Aed whispered, “Congal! I’m needing you!”

But Congal had not yet finished waking. His eyes narrowed, and his mouth twisted into a snarl.

That was the only warning Aed had, and he was too slow to recognize it. Congal’s left fist slammed into his belly, and while Aed was doubled over and gasping from that, Congal surged out of the bed to shove him over backwards.

Congal surged out of the blankets to shove him over backwards.

Aed landed on his tailbone atop a pile of Congal’s dirty laundry, and Congal’s legs tangled in the blankets and he fell over the side of the bed to land scrambling up onto his hands and knees.

“What the—devil?” Aed wailed. Too late he remembered Congal’s watery-​grave-​and-​privy death threat—too absurd to be taken seriously, for Christ’s sake!

Congal got up into a crouch, and his chestful of medallions hung tinkling below his twisted face. Aed floundered backwards through tangles of laundry, trying to get out of the range of his fists.

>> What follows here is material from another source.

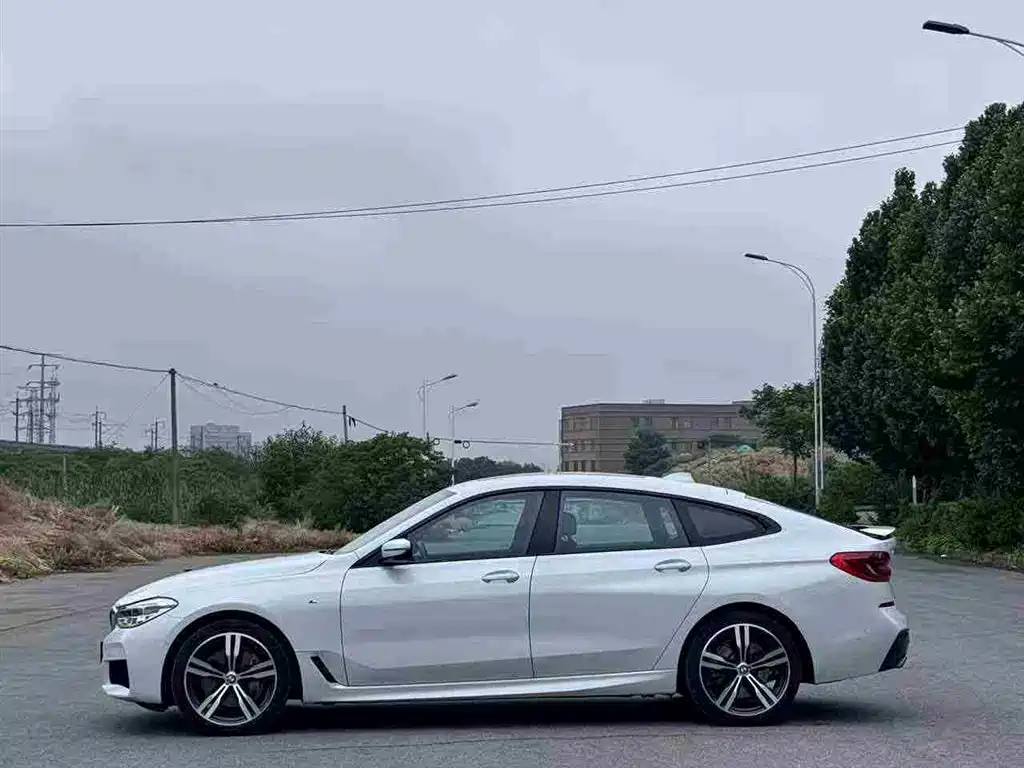 BMW 6 Series GT 2018 — фото 7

Congal panted, “Don’t you ever—”

His fist shot out, and Aed flung up his arm, but Congal was only grabbing a towel. Aed scrambled up onto his feet.

“—wake me up like that again!”

Aed scrambled up onto his feet.

“Jesus Christ!” Aed shouted, shivering. “What is the matter with you?”

“You’re asking me?” Congal countered. “What’s the matter with you?

Congal’s hairy chest rose and fell in gasps. Aed straightened his kilt over his legs, trying to compose himself, and while he was occupied down there he noticed that Congal was holding the towel over his naked groin. They had swum together, bathed together, visited whorehouses together…

He looked up and saw the sullen, red-​faced defiance on Congal’s face and knew that Congal had noticed him noticing. Then he understood.

“I see.”

Aed turned and slogged through drifts of laundry towards the door.

Congal said, “Aed.”

“Fuck you!”

Aed flung open the door and slammed it behind him. It was not so big a door as Gaethine’s but it boomed all the same. He shook off a dirty sock he had trailed out onto the landing and went to his room. He heard Congal shouting, “Aed!” before he slammed a second door between them.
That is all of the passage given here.